When I commenced restoring my original frame, I consulted with Matt Denning about which parts I should begin fabricating based on rarity. I began making the oil cooler ducting and other cockpit items including seat poles using Boomerang A46-25 parts for reference (the fuselage of which was then located at Moorabbin Air Museum, Victoria). For many years I remember being very frustrated at how hard it was to obtain missing original parts for the restoration. However I am continuing to work towards my goal of a complete CAC Boomerang fighter.
In 1995 I commenced a fitting and turning apprenticeship at General Motors Holden and this obviously benefited my manufacturing skills and I was also able to make quite a few Boomerang parts and also tooling using their facilities.
A46-147 was stripped to a bare frame, sandblasted and painted. Parts that I had previously made were incorporated into the restoration where required and original parts were slowly restored and reinstalled onto the frame. Many parts have been made over the years and swapped or sold to other restorers
The R-1830 Twin Wasp twin row radial 1,200hp engine has been built up from various sources without internals. I would eventually like to acquire a runnable engine.
Many years ago I had the wooden shell formers laser cut and had a cabinetmaker shape the forward longeron beam. I have only recently focused on making the wooden shell (approx. 2 years ago). The wooden shell has really made the aircraft actually look like an aircraft! The shell is a very complex structure, and it took me a long time to build up the courage to attempt assembling it.
The concept of the project on A46-147 is to rebuild her as a very accurate static machine as far as possible. This decision was based upon two factors. Firstly it’s a lot cheaper to build a static machine. Secondly a lot more original CAC Boomerang material can be used in a static rebuild as the parts don’t have to fly. This has the added advantage in that one can utilise discarded material from the host of airworthy rebuild Boomerang projects.

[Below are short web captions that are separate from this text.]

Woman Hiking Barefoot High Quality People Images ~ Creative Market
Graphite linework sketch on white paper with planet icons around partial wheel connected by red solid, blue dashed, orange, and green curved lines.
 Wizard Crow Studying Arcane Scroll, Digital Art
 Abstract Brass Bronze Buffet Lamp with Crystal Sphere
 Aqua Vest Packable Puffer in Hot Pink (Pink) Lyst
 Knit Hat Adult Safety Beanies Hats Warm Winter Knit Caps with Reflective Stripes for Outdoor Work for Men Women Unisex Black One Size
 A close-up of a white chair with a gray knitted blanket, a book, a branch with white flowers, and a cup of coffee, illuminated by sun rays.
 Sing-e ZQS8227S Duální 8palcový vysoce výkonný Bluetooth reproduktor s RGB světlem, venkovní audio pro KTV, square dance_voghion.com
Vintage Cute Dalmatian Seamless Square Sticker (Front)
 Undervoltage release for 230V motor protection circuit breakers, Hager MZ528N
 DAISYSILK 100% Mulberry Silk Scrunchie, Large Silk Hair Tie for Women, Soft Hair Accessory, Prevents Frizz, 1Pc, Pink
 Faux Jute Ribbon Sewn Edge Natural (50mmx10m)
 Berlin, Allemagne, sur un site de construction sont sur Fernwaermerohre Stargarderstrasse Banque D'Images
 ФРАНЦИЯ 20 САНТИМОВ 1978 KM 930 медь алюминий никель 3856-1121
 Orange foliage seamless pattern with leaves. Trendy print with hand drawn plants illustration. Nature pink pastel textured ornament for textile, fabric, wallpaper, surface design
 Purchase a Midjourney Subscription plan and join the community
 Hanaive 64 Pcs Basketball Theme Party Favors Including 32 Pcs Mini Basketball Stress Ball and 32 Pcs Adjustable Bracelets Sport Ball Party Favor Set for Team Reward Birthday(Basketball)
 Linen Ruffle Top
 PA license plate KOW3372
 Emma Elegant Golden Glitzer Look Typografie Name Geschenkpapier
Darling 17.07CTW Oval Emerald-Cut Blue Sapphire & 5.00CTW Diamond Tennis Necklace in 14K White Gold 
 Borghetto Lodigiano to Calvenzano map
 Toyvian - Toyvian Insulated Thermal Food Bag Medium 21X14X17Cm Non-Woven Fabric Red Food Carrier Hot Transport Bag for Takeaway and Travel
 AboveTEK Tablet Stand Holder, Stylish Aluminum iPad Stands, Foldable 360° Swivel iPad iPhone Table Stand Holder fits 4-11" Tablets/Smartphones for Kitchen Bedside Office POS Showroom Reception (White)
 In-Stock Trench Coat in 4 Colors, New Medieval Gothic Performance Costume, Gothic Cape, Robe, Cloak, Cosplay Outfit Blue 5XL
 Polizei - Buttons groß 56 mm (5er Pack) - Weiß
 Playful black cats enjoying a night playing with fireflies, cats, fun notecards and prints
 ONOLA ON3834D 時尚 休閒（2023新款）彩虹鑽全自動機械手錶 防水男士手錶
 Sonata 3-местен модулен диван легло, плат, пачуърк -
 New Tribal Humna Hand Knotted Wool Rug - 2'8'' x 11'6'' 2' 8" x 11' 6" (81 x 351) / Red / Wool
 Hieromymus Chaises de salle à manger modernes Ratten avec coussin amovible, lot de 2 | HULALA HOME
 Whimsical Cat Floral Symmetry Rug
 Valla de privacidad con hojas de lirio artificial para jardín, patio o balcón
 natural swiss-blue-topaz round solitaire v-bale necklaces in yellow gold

CAC Boomerang A46-147 history
CAC Boomerang A46-147 was constructed as a CA-13 and was delivered from CAC to the Royal Australian Airforce (RAAF) on 7th October 1943 to 1Aircraft Depot at Laverton Victoria.
The aircraft then served with 83 Squadron from 1st November 1943 and was coded as MH-F and carried the nose art of ZOOT and featured a Crow leaning on an ashtray. A46-147 went to 3AD at Amberley, Queensland on 25 November 1943. For some reason however it returned to 83 Squadron on 18th January 1944 and remained there until 23rd November 1944, when it was transferred to storage at 6AD Oakey Queensland. It was then authorised for write off in May 1946 and was struck off charge in November 1948. As is common with Boomerangs, it is likely the wings were scrapped for the alloy content but the fuselage survived.
At some stage in the 1960s the remains of the aircraft were obtained by Harold Thomas of Camden Museum of Aviation NSW and from there was purchased by Greg Batts and then passed to me in 1994.
The aircraft now resembles a near complete fuselage, although there are still a myriad of small tasks to be completed. Once this is done, it will be back to the conundrum of wings and centre section. Along the way with this fantastic aircraft I have made many friends and received much sage advice and assistance.
I have no time frame to complete this iconic Australian Warbird. In classic aircraft restoration parlance “it will be finished when it’s finished”. It will however, be a proud day and one I will remember forever.